(Short descriptive text snippets)
-- -- --

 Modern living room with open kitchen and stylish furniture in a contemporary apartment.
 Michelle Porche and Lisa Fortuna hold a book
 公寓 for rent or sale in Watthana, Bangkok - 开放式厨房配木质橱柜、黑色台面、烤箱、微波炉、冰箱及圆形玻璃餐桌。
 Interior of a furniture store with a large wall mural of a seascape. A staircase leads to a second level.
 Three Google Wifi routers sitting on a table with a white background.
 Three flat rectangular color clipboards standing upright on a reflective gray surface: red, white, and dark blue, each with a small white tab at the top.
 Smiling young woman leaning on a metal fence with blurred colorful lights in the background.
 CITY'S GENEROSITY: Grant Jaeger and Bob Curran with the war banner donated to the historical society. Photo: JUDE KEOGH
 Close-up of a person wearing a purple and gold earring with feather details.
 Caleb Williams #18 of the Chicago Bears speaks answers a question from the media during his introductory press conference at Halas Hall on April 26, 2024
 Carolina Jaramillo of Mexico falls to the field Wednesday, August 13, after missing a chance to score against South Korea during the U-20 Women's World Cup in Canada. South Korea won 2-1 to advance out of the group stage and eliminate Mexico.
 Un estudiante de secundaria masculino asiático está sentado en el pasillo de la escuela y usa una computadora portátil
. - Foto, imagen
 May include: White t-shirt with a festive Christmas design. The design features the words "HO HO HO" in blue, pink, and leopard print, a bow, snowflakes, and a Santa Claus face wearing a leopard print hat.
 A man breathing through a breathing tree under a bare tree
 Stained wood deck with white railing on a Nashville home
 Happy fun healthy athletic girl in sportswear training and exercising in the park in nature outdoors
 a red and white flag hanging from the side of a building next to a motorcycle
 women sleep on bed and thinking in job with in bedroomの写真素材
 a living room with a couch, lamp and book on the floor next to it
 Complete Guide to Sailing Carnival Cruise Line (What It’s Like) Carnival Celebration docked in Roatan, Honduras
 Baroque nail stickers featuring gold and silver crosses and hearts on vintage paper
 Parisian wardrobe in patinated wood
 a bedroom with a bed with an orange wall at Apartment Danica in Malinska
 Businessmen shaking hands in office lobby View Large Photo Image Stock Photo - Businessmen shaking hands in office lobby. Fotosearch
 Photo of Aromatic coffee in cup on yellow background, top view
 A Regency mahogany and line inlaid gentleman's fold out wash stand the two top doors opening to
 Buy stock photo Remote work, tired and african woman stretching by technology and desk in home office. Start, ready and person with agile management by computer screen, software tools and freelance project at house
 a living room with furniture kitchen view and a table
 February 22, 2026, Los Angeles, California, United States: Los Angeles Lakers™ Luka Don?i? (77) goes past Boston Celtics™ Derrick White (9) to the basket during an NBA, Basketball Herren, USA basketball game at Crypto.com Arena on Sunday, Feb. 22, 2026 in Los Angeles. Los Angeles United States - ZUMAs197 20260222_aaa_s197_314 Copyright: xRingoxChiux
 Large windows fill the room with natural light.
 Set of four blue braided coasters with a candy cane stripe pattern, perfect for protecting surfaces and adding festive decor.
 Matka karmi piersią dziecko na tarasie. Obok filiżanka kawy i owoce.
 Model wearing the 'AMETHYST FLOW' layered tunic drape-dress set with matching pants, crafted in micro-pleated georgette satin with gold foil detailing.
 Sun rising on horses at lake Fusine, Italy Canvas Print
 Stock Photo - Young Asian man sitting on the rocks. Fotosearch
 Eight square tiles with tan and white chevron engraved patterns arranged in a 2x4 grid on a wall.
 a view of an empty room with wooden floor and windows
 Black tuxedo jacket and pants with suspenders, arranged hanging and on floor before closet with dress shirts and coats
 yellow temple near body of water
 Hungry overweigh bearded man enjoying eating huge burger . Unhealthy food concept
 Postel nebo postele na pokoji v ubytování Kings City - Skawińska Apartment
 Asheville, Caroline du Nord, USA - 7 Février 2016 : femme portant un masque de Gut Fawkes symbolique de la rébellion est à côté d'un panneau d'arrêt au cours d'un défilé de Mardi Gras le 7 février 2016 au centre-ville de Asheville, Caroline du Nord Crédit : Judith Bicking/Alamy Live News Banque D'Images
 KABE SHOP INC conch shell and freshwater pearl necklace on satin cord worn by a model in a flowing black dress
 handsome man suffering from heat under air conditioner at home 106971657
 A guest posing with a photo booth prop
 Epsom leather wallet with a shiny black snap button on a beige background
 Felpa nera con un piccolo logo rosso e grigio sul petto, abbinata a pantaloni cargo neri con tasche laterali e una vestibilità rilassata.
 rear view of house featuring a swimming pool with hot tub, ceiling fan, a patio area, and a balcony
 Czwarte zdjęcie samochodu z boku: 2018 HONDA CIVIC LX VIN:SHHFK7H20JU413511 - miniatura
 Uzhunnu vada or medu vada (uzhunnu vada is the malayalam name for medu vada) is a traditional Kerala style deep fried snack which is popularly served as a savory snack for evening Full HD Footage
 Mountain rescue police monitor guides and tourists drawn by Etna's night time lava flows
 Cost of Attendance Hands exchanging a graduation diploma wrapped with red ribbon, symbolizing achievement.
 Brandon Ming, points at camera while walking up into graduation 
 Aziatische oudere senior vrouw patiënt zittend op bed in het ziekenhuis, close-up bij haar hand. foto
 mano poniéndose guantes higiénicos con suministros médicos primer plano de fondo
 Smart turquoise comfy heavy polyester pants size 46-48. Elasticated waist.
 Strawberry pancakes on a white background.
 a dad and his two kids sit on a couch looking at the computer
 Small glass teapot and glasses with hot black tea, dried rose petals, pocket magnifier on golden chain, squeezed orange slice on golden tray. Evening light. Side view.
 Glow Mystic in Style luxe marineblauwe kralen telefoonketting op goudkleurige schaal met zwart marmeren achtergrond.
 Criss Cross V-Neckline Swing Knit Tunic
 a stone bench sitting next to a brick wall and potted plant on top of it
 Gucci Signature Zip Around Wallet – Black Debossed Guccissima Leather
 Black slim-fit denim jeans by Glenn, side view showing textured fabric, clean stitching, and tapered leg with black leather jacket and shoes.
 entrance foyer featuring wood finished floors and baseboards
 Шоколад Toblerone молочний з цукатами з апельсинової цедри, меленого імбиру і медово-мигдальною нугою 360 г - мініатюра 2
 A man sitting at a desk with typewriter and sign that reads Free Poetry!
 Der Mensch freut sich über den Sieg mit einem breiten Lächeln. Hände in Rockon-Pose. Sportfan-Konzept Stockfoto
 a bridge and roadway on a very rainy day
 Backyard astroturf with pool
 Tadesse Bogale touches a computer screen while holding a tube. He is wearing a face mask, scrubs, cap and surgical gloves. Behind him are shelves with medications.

-- -- --

_The problem_
The required output is every line above from the one with "Brandon Ming, points" down to the one with "a dad and his", restated word for word, ends included.

_Reply_
 Brandon Ming, points at camera while walking up into graduation 
 Aziatische oudere senior vrouw patiënt zittend op bed in het ziekenhuis, close-up bij haar hand. foto
 mano poniéndose guantes higiénicos con suministros médicos primer plano de fondo
 Smart turquoise comfy heavy polyester pants size 46-48. Elasticated waist.
 Strawberry pancakes on a white background.
 a dad and his two kids sit on a couch looking at the computer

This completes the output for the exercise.